Neyse. Bu yazıyı dün yazmaya başladım ama işlerim olduğundan dolayı tamamlayamadım. Yarın (bugün) tamamlarım diye düşünmüştüm ama bugün de bir takım işlerim dolayısıyla dışarı çıkmak zorundayım. Yazıyı yarım bırakıyorum. Seçimlerden önceye yetişmesini istiyorum yazının. Seçimlerde Türkiye’nin yakın uzak geleceğini çok önemli oranda etkileyecek bir sonuç çıkabilir. O yüzden böyle bir yol seçtim hem de ilginç, özgün bir şey oldu değil mi?
Meramımı kısaca anlatabildim diye düşünüyorum.

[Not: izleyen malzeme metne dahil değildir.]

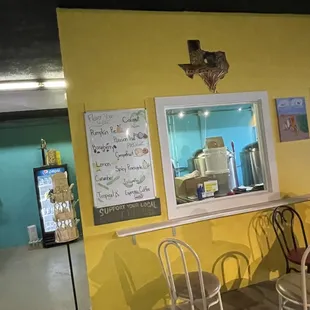 a yellow wall with chairs and a table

Yakın veya uzak gelecekteki devrimci dönüşümlerin eskiye nazaran çok farklı olacağını düşünüyorum. Aslında bunu söylemek, yazmak bile abesle iştigal ama etrafıma baktığımda buna mecbur hissettim kendimi. Biçim, süre, yoğunluk, belirsizlik anlamında eskiye nazaran çok farklı olacak. Kapitalistler gezegenin içine etmezlerse tabi.